━━━ Extracted records ━━━
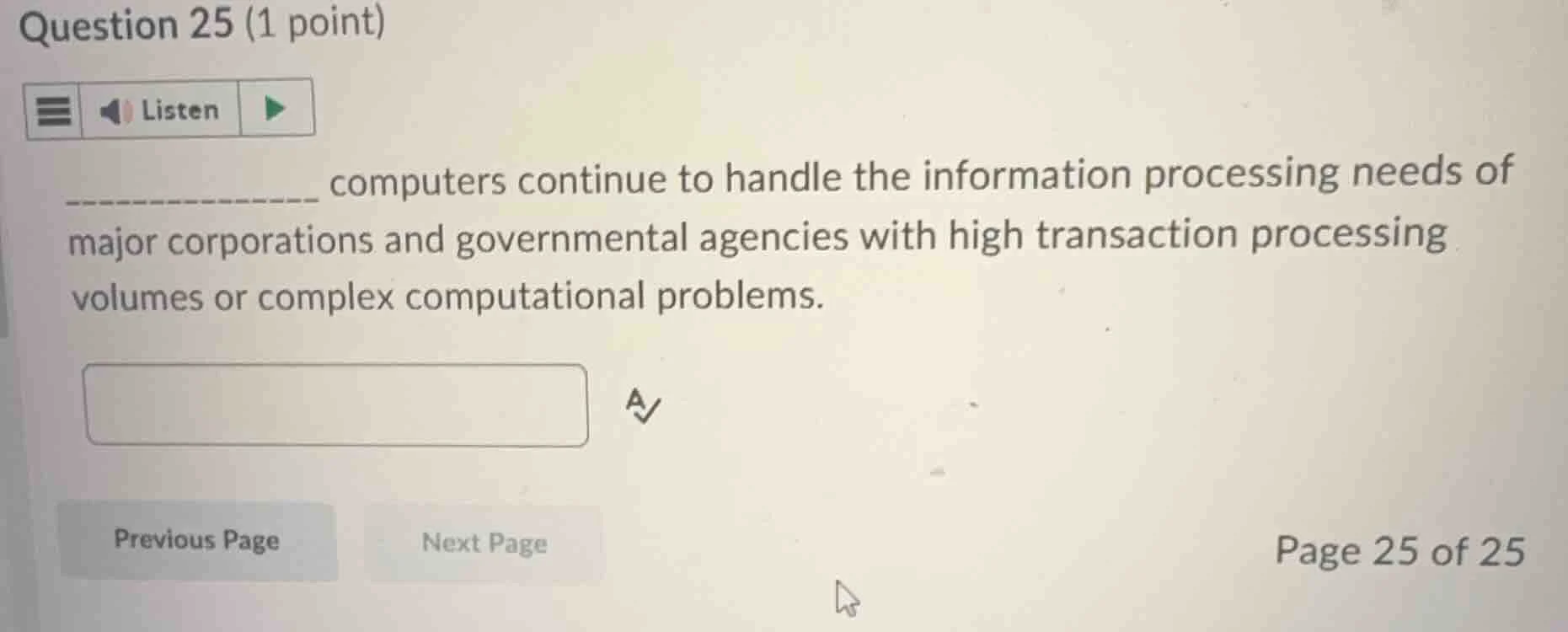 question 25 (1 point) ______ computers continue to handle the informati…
━━━
━━━ Extracted records ━━━
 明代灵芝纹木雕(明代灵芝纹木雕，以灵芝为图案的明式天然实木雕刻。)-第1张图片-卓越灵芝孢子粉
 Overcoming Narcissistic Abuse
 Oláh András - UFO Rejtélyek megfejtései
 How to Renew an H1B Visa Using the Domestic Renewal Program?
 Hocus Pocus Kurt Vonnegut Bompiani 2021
━━━
━━━ Extracted records ━━━
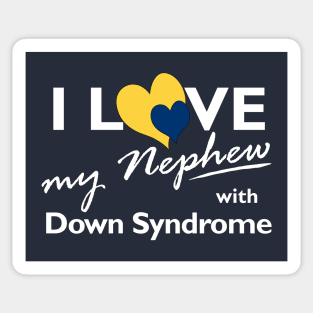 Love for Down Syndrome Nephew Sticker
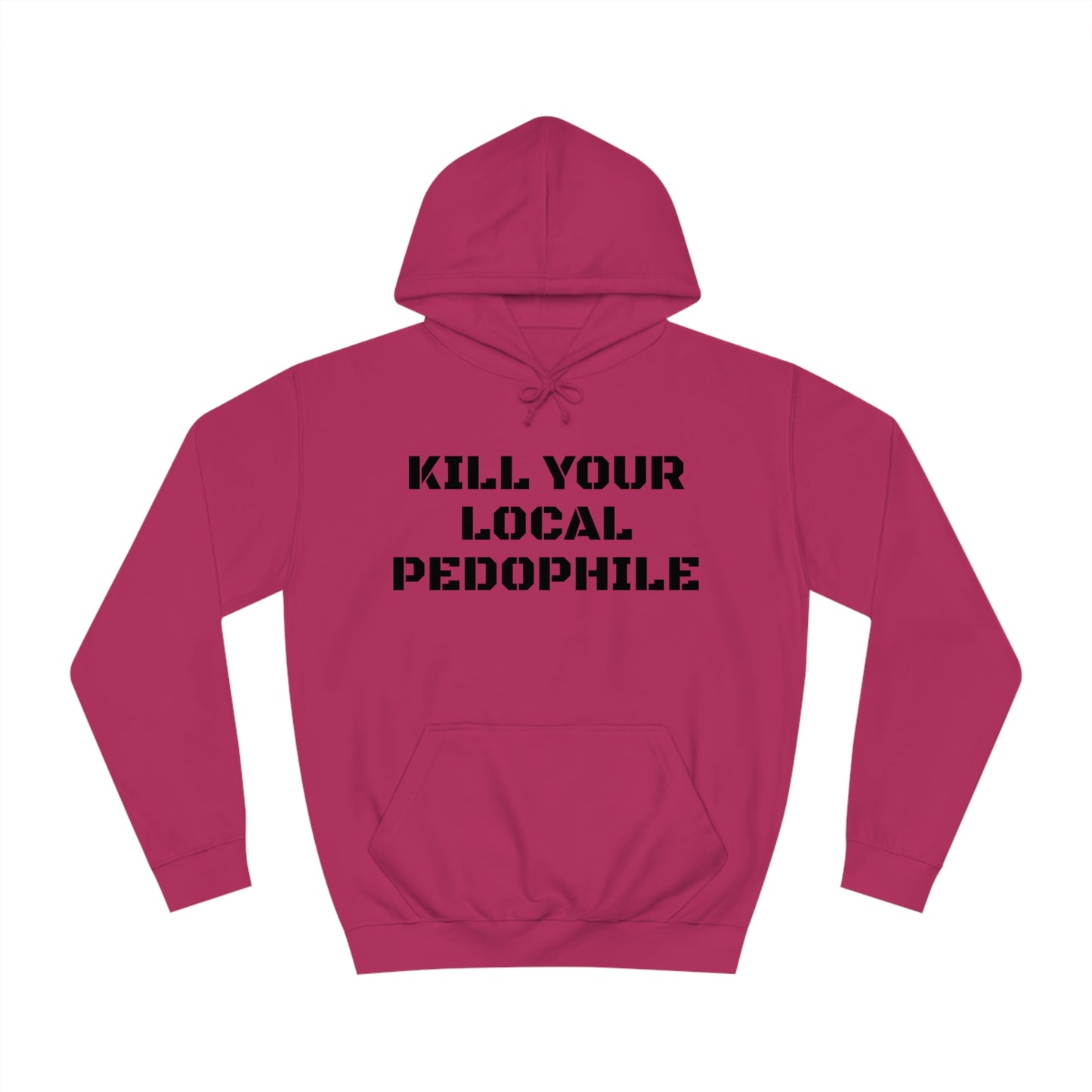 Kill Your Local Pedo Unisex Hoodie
━━━
Copy exactly the material above from the line with "Love for Down Syndrome Nephew Sticker" to the line with "Kill Your Local Pedo Unisex Hoodie", ends included, and nothing else. Leave out any picture.

 Love for Down Syndrome Nephew Sticker
 Kill Your Local Pedo Unisex Hoodie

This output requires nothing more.